__What you need to do__.
Excluding all pictures, please output the listing exactly.

__Data below__.

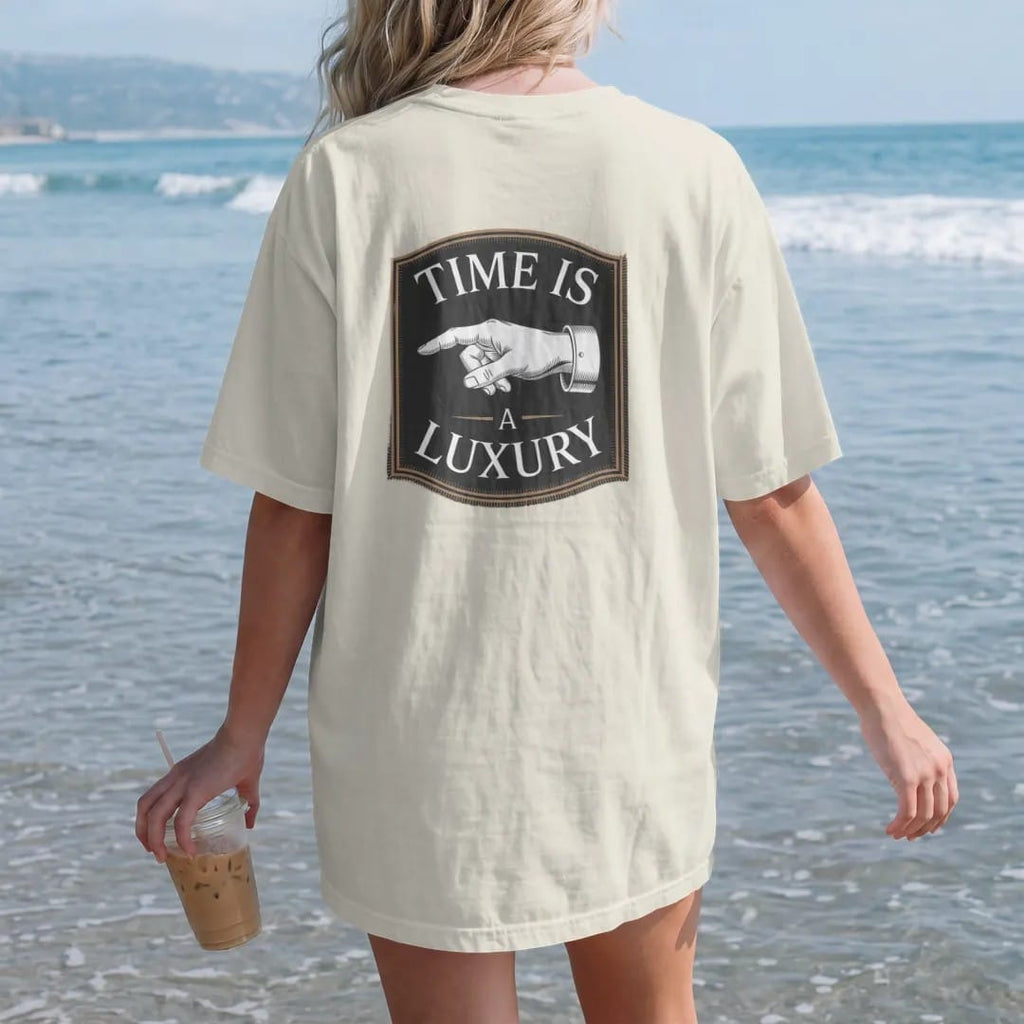 Woman on the beach in a Ivory tee, back view: a slender watch hand between a small Time Is and a large A Luxury with thin rule lines, as a fine engraving in antique gold and cream.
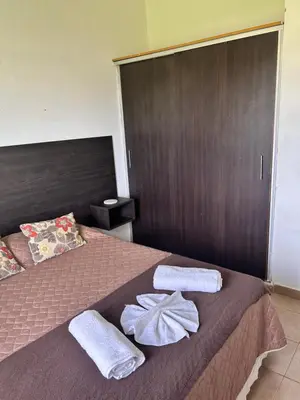 a bedroom with a bed with towels on it at Cabaña Aguaribay in Mina Clavero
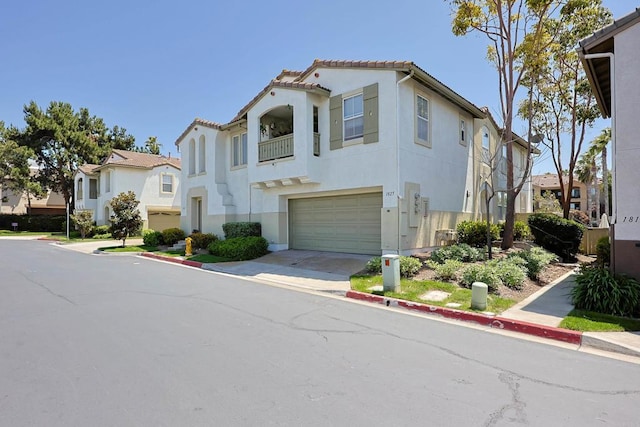 1825 Via Capri St, Chula Vista, CA 91913 - multi unit property featuring an attached garage, stucco siding, a tile roof, driveway, and a balcony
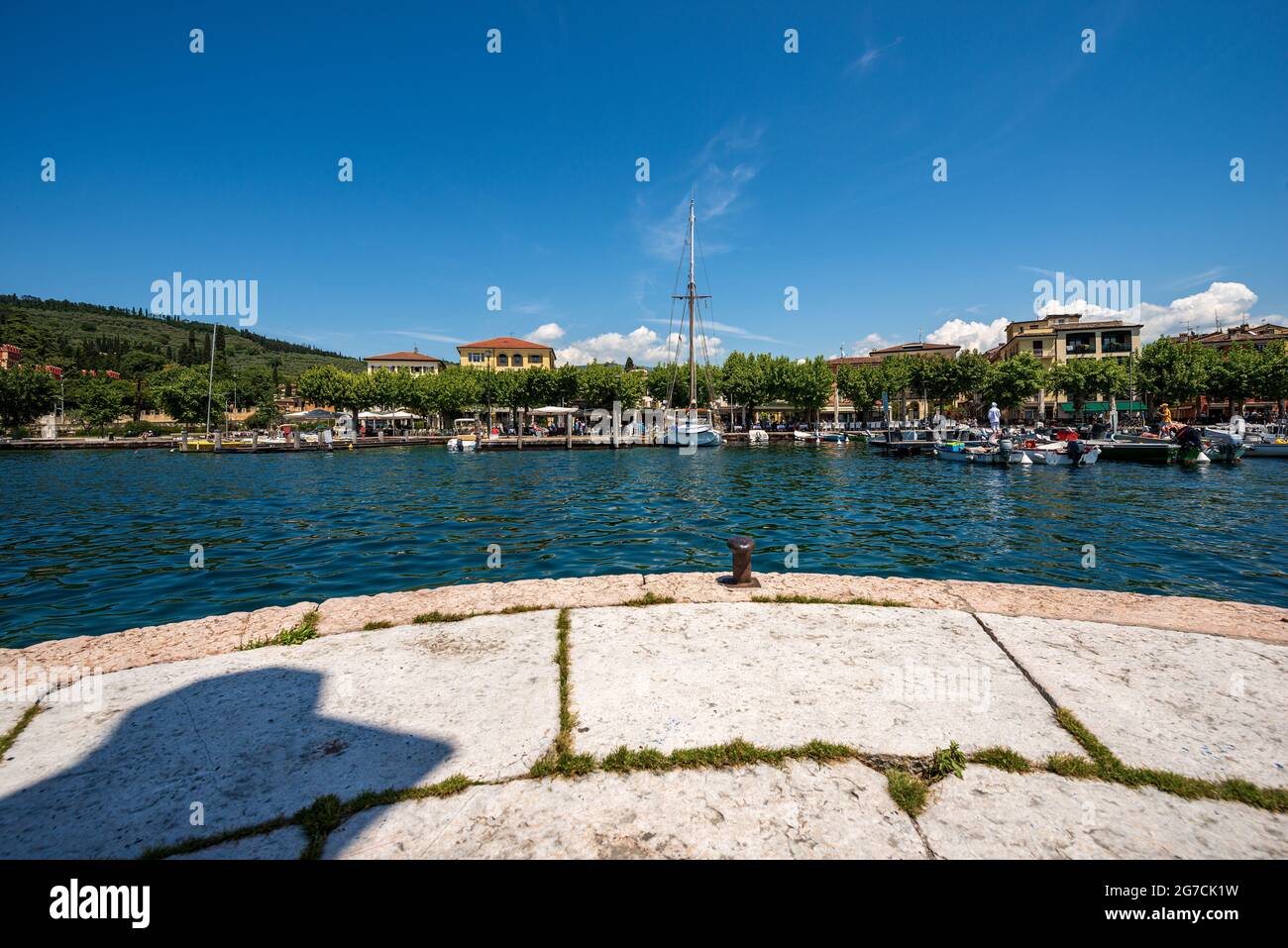 Petit port de la ville de Garda avec de petits bateaux amarrés, station touristique sur la côte du lac de Garde (Lago di Garda). Province de Vérone, Vénétie, Italie, Europe. Banque D'Images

__Exercise output__.
 Woman on the beach in a Ivory tee, back view: a slender watch hand between a small Time Is and a large A Luxury with thin rule lines, as a fine engraving in antique gold and cream.
 a bedroom with a bed with towels on it at Cabaña Aguaribay in Mina Clavero
 1825 Via Capri St, Chula Vista, CA 91913 - multi unit property featuring an attached garage, stucco siding, a tile roof, driveway, and a balcony
 Petit port de la ville de Garda avec de petits bateaux amarrés, station touristique sur la côte du lac de Garde (Lago di Garda). Province de Vérone, Vénétie, Italie, Europe. Banque D'Images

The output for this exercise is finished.